The Kansas Public Employees Retirement System funding problem is starting to generate a lot of heat.
KPERS suffered $2.3 billion in investment losses this year. No current retirement benefits are in jeopardy, but a report by the Kansas University School of Business Center for Applied Economics called the issue a “funding crisis,” adding that “KPERS is bankrupt under current operating assumptions.”
But State Treasurer Dennis McKinney, who also is a member of the KPERS board of trustees, trashed that report.
The use of the word “bankrupt” was reckless, he said. He said the solution for KPERS is pretty simple, although it will require a lot of political will. The state will have to pay more into the pension system, as will employees, he said.
“Scaring 80-year-old retired teachers is not good policy,” he said.
He said the state has failed for the past 16 years to pay into KPERS what was needed to narrow the actuarial liability. That has produced a shortfall, he said.
But Art Hall, who is executive director of the Center for Applied Economics, defended the report.
“We chose the word ‘bankrupt’ to make crystal clear to Kansas taxpayers the seriousness of the situation. As used in the report, the word clearly means insolvency in a long-run operating context,” he said.

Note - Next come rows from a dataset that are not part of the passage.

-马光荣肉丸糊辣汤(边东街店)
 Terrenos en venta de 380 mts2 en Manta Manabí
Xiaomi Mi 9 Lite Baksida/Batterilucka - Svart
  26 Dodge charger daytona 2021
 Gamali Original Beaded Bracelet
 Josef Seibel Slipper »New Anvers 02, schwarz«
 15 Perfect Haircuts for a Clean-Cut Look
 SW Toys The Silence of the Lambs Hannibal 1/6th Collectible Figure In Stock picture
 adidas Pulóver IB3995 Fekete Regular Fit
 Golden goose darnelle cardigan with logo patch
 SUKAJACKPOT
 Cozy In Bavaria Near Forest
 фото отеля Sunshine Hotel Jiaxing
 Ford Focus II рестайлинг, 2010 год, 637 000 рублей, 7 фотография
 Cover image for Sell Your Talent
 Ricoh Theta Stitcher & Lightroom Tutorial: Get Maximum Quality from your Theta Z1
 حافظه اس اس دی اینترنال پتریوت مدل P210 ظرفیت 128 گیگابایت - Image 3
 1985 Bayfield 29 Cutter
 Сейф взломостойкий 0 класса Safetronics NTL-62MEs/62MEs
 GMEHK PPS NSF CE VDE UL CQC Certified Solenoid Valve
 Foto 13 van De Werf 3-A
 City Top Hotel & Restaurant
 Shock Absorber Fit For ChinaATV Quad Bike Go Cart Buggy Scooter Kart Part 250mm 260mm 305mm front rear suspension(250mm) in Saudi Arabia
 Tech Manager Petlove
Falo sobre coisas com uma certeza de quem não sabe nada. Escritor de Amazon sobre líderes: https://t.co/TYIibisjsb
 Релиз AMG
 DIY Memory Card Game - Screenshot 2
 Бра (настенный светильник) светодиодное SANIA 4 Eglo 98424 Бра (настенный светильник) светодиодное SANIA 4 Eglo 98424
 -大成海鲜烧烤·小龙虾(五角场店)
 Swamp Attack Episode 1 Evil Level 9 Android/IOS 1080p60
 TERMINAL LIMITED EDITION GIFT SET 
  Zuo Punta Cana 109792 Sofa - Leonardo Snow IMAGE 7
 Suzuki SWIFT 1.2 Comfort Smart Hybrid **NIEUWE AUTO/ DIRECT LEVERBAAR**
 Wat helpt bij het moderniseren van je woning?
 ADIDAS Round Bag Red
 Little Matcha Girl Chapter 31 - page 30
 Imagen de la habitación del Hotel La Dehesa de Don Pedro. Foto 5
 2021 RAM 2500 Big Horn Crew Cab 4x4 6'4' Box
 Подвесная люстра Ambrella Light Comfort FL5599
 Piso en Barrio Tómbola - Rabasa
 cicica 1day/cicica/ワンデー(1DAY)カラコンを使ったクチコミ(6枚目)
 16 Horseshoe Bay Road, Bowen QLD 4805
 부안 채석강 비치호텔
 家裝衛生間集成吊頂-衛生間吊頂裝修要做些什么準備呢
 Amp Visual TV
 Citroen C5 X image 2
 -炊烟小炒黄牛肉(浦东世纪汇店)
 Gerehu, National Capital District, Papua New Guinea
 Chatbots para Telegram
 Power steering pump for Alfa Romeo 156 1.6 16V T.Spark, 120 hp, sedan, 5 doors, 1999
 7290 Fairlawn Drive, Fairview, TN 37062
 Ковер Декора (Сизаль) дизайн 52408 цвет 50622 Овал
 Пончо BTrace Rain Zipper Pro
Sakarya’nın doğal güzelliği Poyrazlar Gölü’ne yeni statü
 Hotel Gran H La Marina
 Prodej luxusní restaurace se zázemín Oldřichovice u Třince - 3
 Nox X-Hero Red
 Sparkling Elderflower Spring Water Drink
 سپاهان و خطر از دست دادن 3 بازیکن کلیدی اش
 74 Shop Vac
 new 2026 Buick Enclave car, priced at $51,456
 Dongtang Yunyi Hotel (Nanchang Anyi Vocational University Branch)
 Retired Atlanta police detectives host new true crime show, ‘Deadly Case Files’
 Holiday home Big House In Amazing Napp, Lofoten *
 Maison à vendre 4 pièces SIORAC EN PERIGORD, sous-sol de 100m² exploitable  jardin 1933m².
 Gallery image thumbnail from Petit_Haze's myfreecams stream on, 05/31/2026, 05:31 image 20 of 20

The KU report was done by Barry Poulson, an economics professor at the University of Colorado. Poulson has been described as the architect of TABOR, the so-called Taxpayer’s Bill of Rights in Colorado, and has worked on behalf of Americans for Prosperity in trying to push for passage of TABOR in Kansas.
The drive for another comprehensive transportation program starts today with a news conference and release of a report on the “current condition, use and funding of Kansas’ highway transportation system.”
The news conference will be held by Economic Lifelines, which lobbies for highway funding, and a group called TRIP, which promotes transportation projects.
In announcing the news conference, Economic Lifelines said, “Kansas faces a significant transportation funding gap over the next 10 years, which will not only impede efforts to improve roads and other infrastructures, but will also limit the potential for economic recovery.”
The current 10 year, $13 billion highway program ends this year.